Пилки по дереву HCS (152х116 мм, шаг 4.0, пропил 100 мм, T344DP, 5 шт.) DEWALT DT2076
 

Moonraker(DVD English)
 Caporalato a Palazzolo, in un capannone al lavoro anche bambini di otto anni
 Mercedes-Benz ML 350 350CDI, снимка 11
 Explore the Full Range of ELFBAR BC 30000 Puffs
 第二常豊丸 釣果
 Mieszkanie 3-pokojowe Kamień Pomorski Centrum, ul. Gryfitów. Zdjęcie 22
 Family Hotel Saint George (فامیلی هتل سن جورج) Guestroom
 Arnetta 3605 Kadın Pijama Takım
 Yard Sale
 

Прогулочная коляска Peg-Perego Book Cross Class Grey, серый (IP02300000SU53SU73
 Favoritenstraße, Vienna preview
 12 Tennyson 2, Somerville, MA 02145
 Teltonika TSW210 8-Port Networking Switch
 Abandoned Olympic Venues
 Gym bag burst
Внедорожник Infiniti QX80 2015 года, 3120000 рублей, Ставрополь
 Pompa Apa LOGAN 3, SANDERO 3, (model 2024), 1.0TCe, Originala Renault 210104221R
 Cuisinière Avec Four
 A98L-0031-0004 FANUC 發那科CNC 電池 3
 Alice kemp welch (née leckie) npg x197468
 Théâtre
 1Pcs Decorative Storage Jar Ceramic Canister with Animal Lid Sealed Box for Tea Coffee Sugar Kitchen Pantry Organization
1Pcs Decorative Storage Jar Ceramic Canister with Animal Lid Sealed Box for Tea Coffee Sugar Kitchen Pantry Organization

▬▬▬▬▬▬▬▬▬▬

### Your objective:
Return all of the material exactly as written, from the first line through the last.

### Solution to the problem:
Пилки по дереву HCS (152х116 мм, шаг 4.0, пропил 100 мм, T344DP, 5 шт.) DEWALT DT2076
 

Moonraker(DVD English)
 Caporalato a Palazzolo, in un capannone al lavoro anche bambini di otto anni
 Mercedes-Benz ML 350 350CDI, снимка 11
 Explore the Full Range of ELFBAR BC 30000 Puffs
 第二常豊丸 釣果
 Mieszkanie 3-pokojowe Kamień Pomorski Centrum, ul. Gryfitów. Zdjęcie 22
 Family Hotel Saint George (فامیلی هتل سن جورج) Guestroom
 Arnetta 3605 Kadın Pijama Takım
 Yard Sale
 

Прогулочная коляска Peg-Perego Book Cross Class Grey, серый (IP02300000SU53SU73
 Favoritenstraße, Vienna preview
 12 Tennyson 2, Somerville, MA 02145
 Teltonika TSW210 8-Port Networking Switch
 Abandoned Olympic Venues
 Gym bag burst
Внедорожник Infiniti QX80 2015 года, 3120000 рублей, Ставрополь
 Pompa Apa LOGAN 3, SANDERO 3, (model 2024), 1.0TCe, Originala Renault 210104221R
 Cuisinière Avec Four
 A98L-0031-0004 FANUC 發那科CNC 電池 3
 Alice kemp welch (née leckie) npg x197468
 Théâtre
 1Pcs Decorative Storage Jar Ceramic Canister with Animal Lid Sealed Box for Tea Coffee Sugar Kitchen Pantry Organization
1Pcs Decorative Storage Jar Ceramic Canister with Animal Lid Sealed Box for Tea Coffee Sugar Kitchen Pantry Organization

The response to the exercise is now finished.